The Return of the Sorcerers of Ephemera


A few footsteps and a low hum punctured by a cough yield the impression that the listener might be sneaking into the party. There’s something appropriate about that idea with regard to Avalanches. Their debut, Since I Left You, opened with a sunny splash and a voice welcoming the listener to paradise and welcomed the new millennium with a grand entrance. Wildflower arrives 16 years after their debut and is every bit as vital, vibrant, warm and welcoming, all while putting on display that Avalanches have evolved a bit in their time away.

For those who don’t know, Since I Left You was done entirely by sampling (I think this might’ve been where the term “sampledelic” came about, but I could be wrong). Not the way that the new millennium has seen from hip-hop or how Girl Talk made his career, but in a manner akin to the found object principle in art incorporated by Pablo Picasso and Marcel Duchamp. The modus operandi on Wildflower is the same, but this time the Australian collective have brought along some friends for this wonderful ride.

Wildflower pumps, pulses and is practically bursting at its seams with energy, confidence and life-affirming joy, a spectrum of emotions evoked in tandem by the samples and collaborators chosen. The muted intro mentioned at the beginning of this writing leads calmly into the completely dialed back and almost bashful intro to “Because I’m Me” which anchors itself on a rearrangement of Six Boys in Trouble’s “Why Can’t I Get it Too” over Honey Cone’s “Want Ads.” In a few cuts and pastes of sheer magic, Wildflower proper opens with “If she don’t love me, what can I do? / Just put on my best pair of shoes / Because I’m me” and later “ I just want to know what’s wrong with me being in love with you.” Coupled with the explosion of brass from the Honey Cone track, the album not only arrives, but grabs the listener and – regardless of the listener’s state of mind – puts a finger on each side of their mouth and pushes them up until the fake smile has no choice but to become real. Completing the track is Camp Lo’s rhymes of pure joy of breaking into life with wide-eyed, invincible optimism. Thus, the power of The Avalanches has returned with the gusto of a collective that feels like it was never really gone.
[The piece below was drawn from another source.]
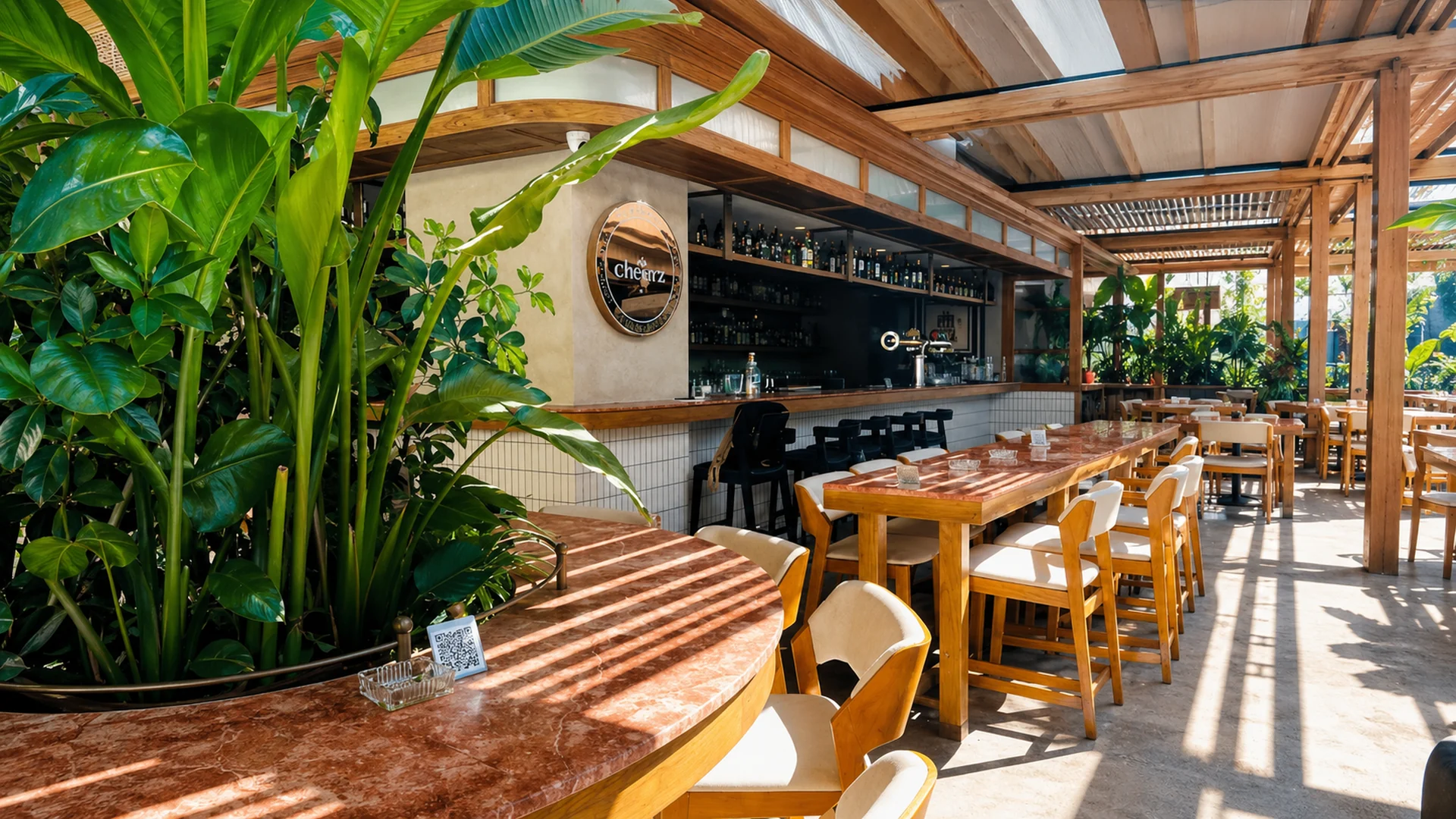 Cheerz Caddebostan — заведение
“Because I’m Me” sets an impressive tone that Wildflower delivers on track after track, sample after sample, guest after guest. From the calypso-stomping lead single featuring great verses from Danny Brown and MF Doom, “Frankie Sinatra,” the disco-psychedelia of “Subways” and “If I Was A Folk Star,” to “Harmony,” “The Wozard of Iz” and the wildly fun, funny and wonderful “The Noisy Eater” – featuring the juxtaposition of Biz Markie rhyming about that rumble in the tummy and a children’s choir warbling the opening of “Come Together” by The Beatles – The Avalanches are sorcerers of ephemera with Lazarus-esque resurrection skills as well as both a sense of humor and uncanny showmanship.

The psychedelic, pop-tastic paella served up by these Australian auteurs is also chaotically narrative-driven. Maybe not in the traditional, storybook sense, but Wildflower has a flow comparable to Bunuel’s The Phantom of Liberty or Richard Linklater’s Slacker. The listener is taken on and aural trip where the detours and offshoots might never pan out, but there’s something special about that. Cuts like the title track, “Park Music,” and “Livin’ Underwater (Is Somethin’ Wild)” are either gone before they settle or they accompany the listener through Wildflower like an anonymous citizen walking alongside them on the way to work in a city morning, nodding politely and silently wishing them a good day. Sure, I could be perceiving this incorrectly and they could come off as lazy or underwhelming to another listener, but this album has such a pace of life about it. In life, we meet some for only brief moments and, despite our wishes, they’re gone before we want them to leave, but life soldiers on.

Obliquely, I think The Avalanches might actually think similarly due to their choice of voice over from David Berman opening on the closer, “Saturday Night Inside Out.” “We inaugurate the evening / just drumming up a little weirdness / It gets late so early now / Waves come in mountain phases.” Again, I may be wrong. The looping denouement has some gorgeous imagery through the sampled spoken words of Berman. None greater than the simple, “I adored the way she modified my mornings…she taught me to re-light, re-light and re-light.” Through 2 albums of equal sprawl, ambition, grace and artistic bliss, The Avalanches have taught me to replay, replay and replay.